---------- Exercise input

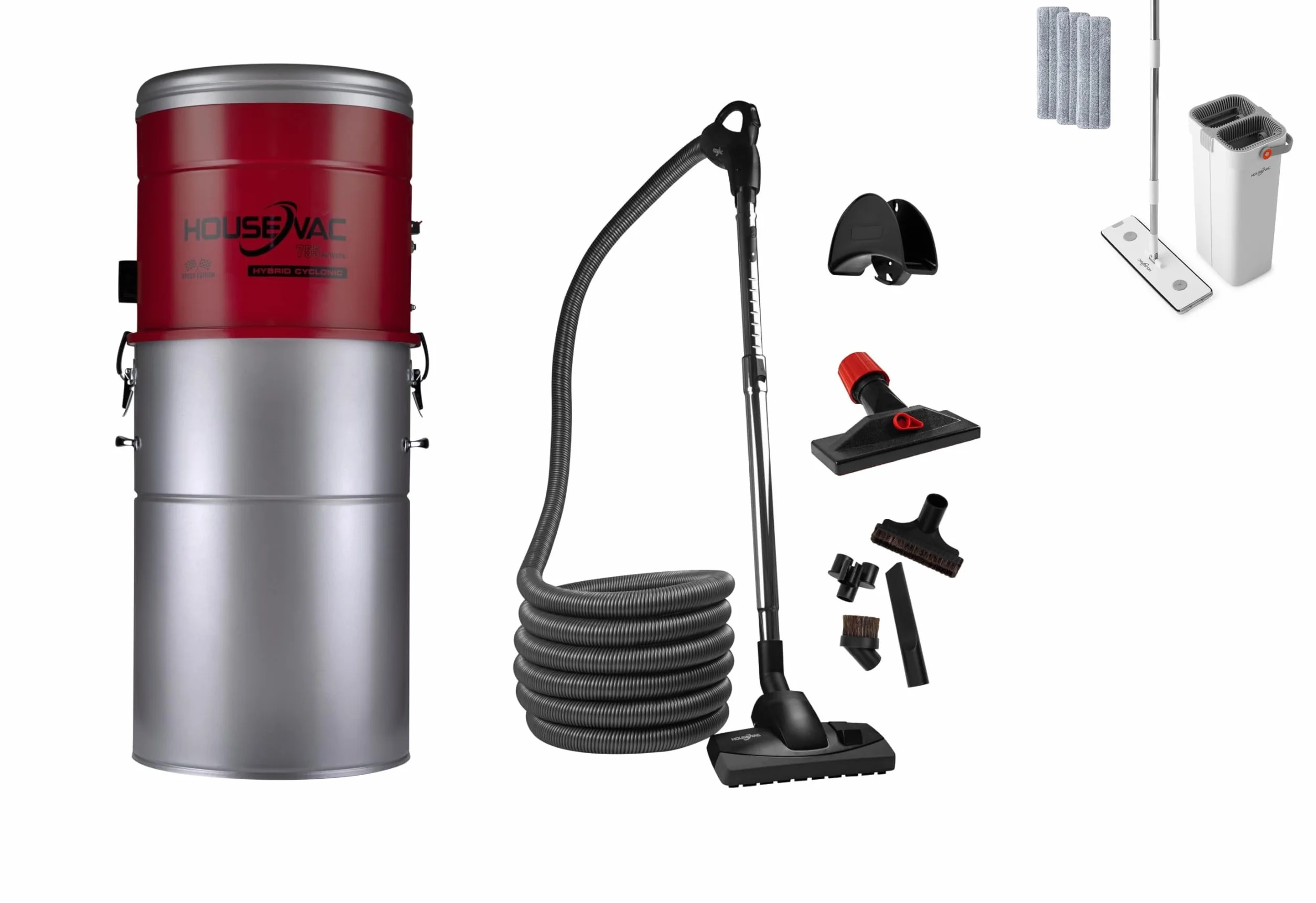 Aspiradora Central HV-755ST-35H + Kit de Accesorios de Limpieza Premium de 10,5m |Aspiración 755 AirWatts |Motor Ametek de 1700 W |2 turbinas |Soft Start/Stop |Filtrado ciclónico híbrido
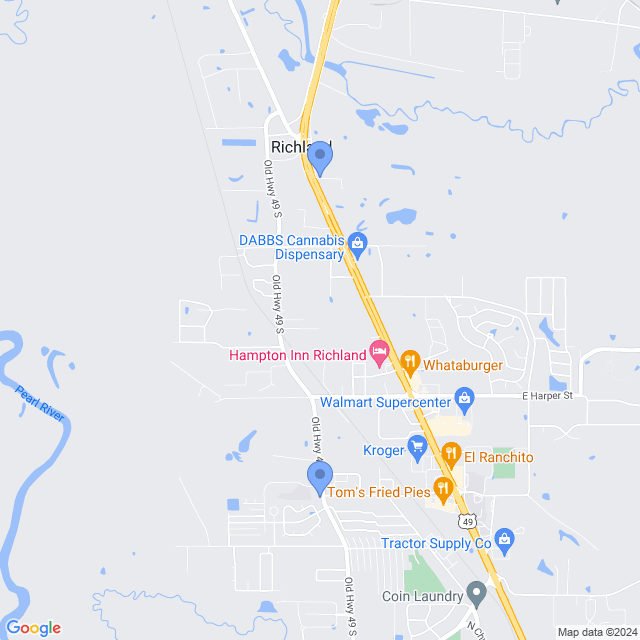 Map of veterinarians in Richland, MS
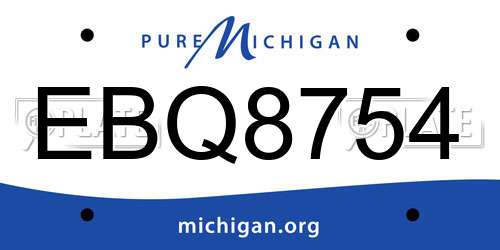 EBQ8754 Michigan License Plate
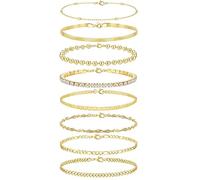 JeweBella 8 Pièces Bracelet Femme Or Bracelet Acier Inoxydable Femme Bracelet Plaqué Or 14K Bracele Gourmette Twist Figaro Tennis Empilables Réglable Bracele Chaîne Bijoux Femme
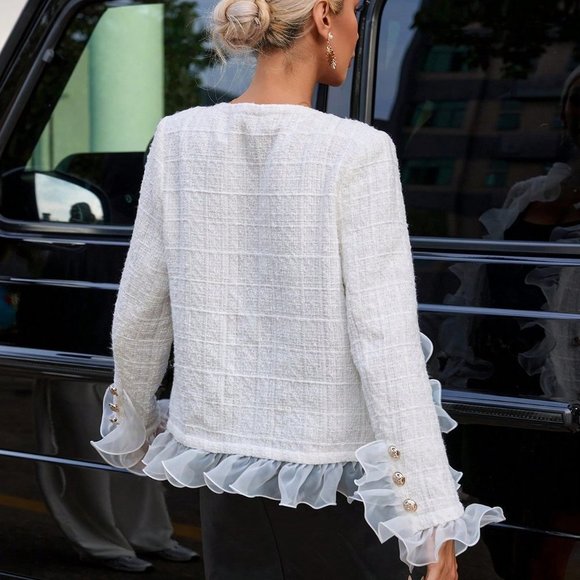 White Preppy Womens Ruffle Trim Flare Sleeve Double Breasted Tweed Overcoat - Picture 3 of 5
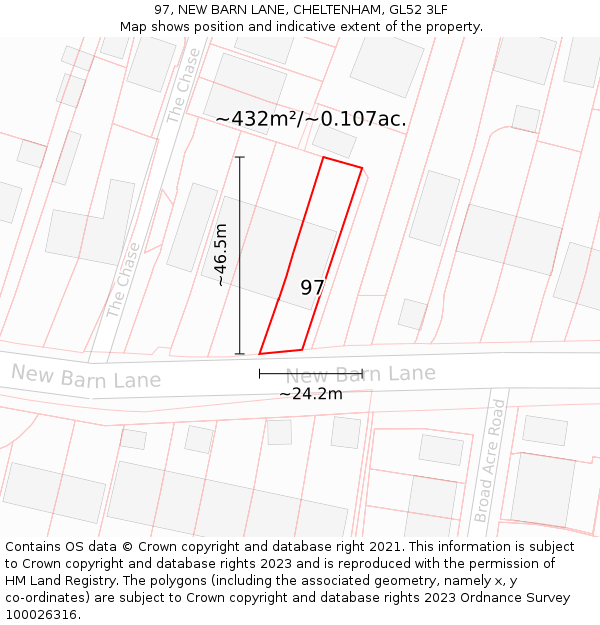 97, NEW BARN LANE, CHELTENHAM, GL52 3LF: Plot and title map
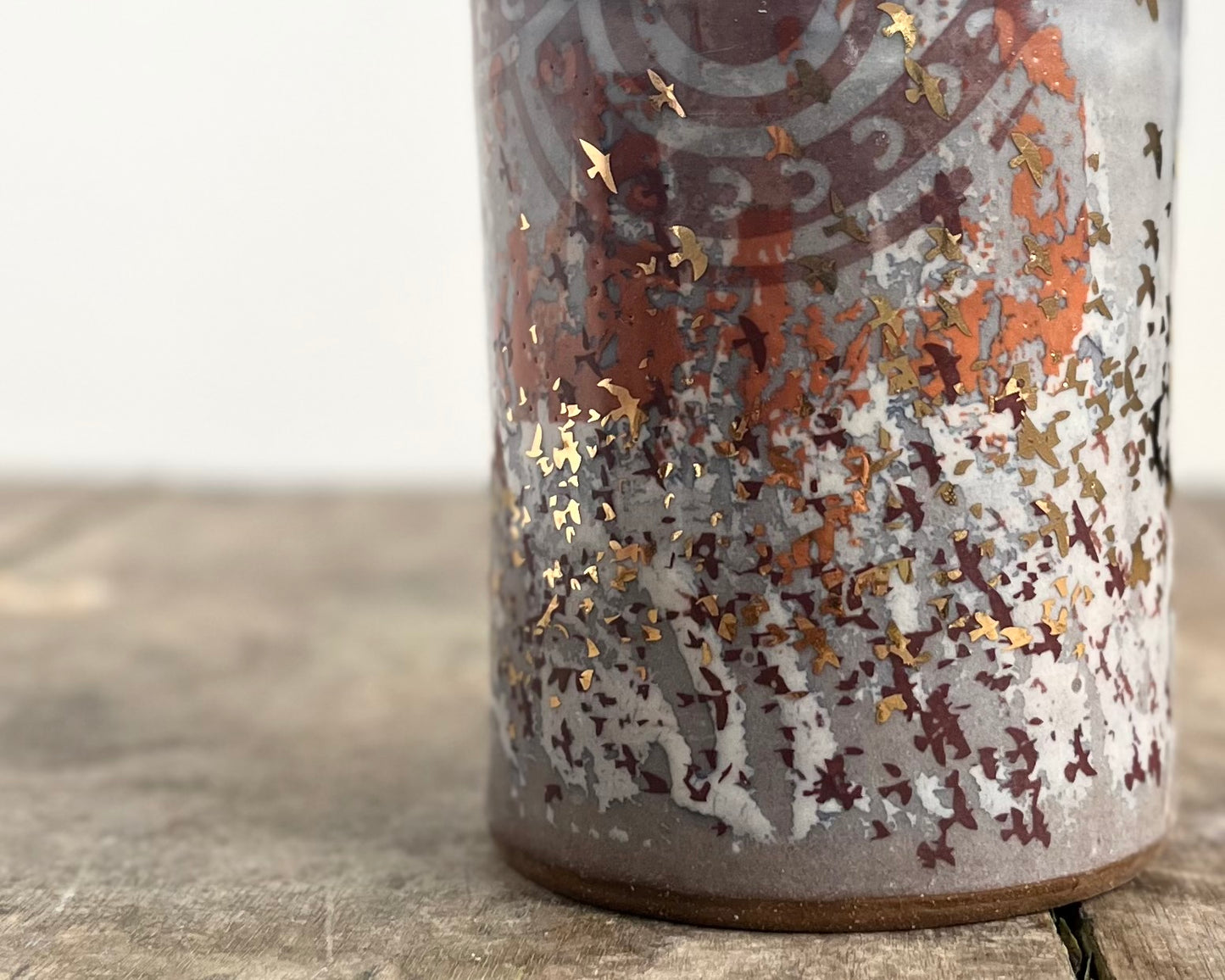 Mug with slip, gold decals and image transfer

--------------------

▶ **Task details**
Should there be pictures in the data, leave them out and return the rest exactly.

▶ **Expected answer**
 Aspiradora Central HV-755ST-35H + Kit de Accesorios de Limpieza Premium de 10,5m |Aspiración 755 AirWatts |Motor Ametek de 1700 W |2 turbinas |Soft Start/Stop |Filtrado ciclónico híbrido
 Map of veterinarians in Richland, MS
 EBQ8754 Michigan License Plate
 JeweBella 8 Pièces Bracelet Femme Or Bracelet Acier Inoxydable Femme Bracelet Plaqué Or 14K Bracele Gourmette Twist Figaro Tennis Empilables Réglable Bracele Chaîne Bijoux Femme
 White Preppy Womens Ruffle Trim Flare Sleeve Double Breasted Tweed Overcoat - Picture 3 of 5
 97, NEW BARN LANE, CHELTENHAM, GL52 3LF: Plot and title map
 Mug with slip, gold decals and image transfer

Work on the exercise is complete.